Input data —
★ ★ ★
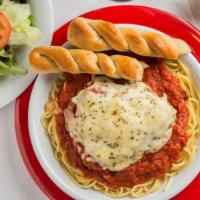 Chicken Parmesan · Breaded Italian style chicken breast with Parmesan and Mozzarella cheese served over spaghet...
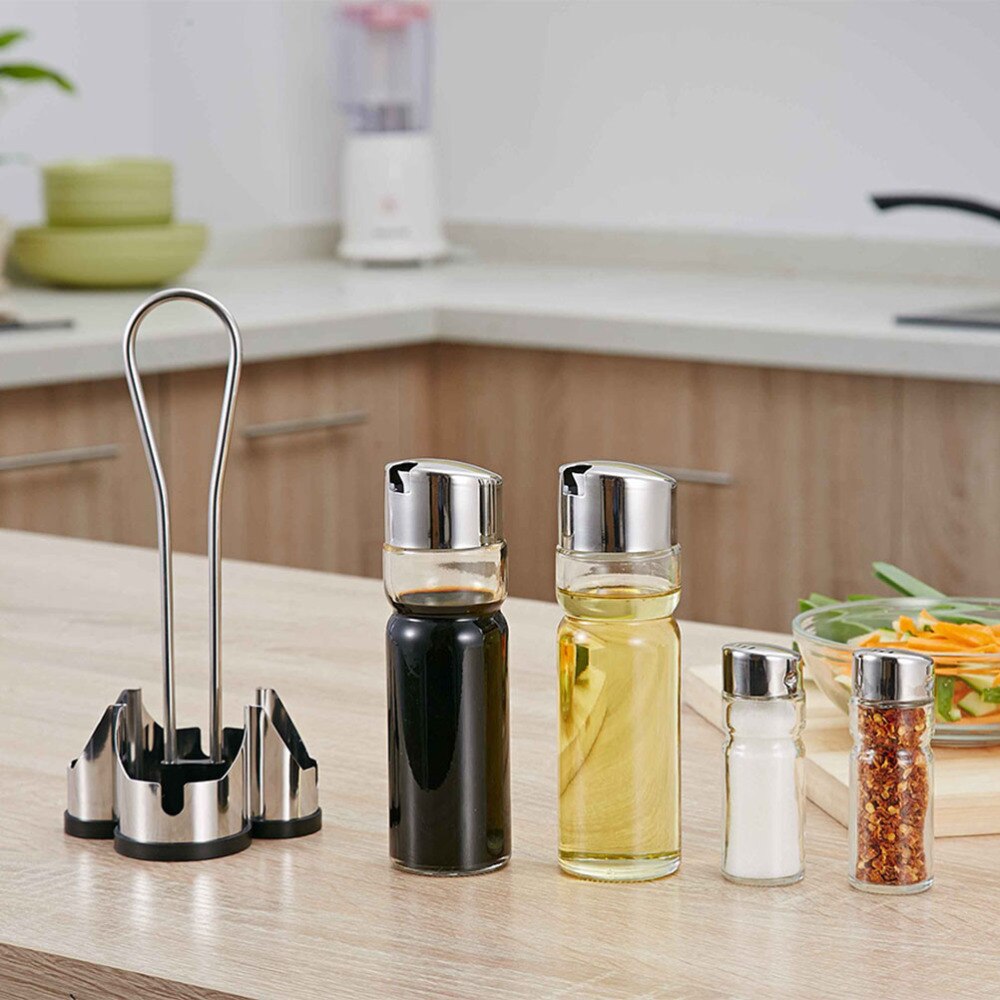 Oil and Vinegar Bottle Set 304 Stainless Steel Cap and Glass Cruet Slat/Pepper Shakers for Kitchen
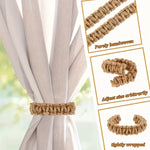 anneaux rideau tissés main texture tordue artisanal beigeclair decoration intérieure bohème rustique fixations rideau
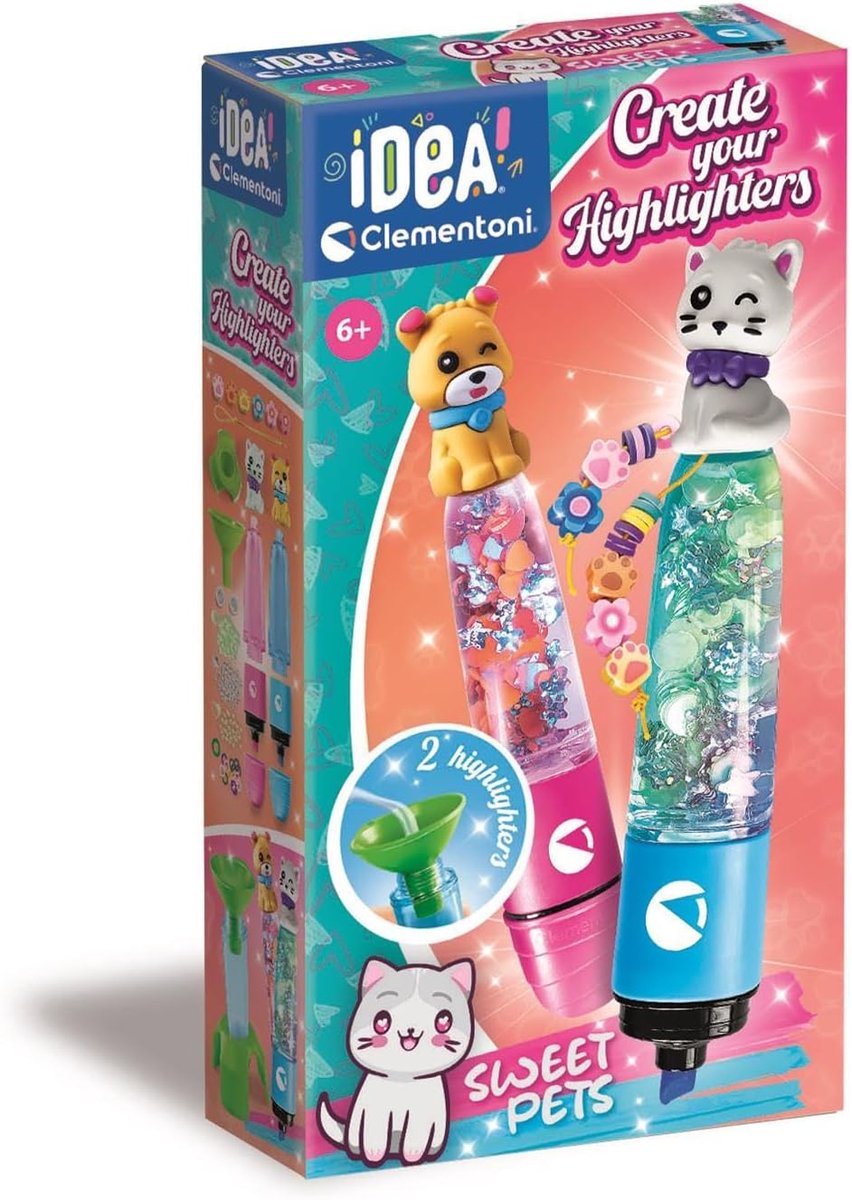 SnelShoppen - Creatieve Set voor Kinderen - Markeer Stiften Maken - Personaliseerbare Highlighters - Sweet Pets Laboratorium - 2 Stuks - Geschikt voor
★ ★ ★
Exercise instructions — Skipping all images, output the listing exactly.

Result for this task —
 Chicken Parmesan · Breaded Italian style chicken breast with Parmesan and Mozzarella cheese served over spaghet...
 Oil and Vinegar Bottle Set 304 Stainless Steel Cap and Glass Cruet Slat/Pepper Shakers for Kitchen
 anneaux rideau tissés main texture tordue artisanal beigeclair decoration intérieure bohème rustique fixations rideau
 SnelShoppen - Creatieve Set voor Kinderen - Markeer Stiften Maken - Personaliseerbare Highlighters - Sweet Pets Laboratorium - 2 Stuks - Geschikt voor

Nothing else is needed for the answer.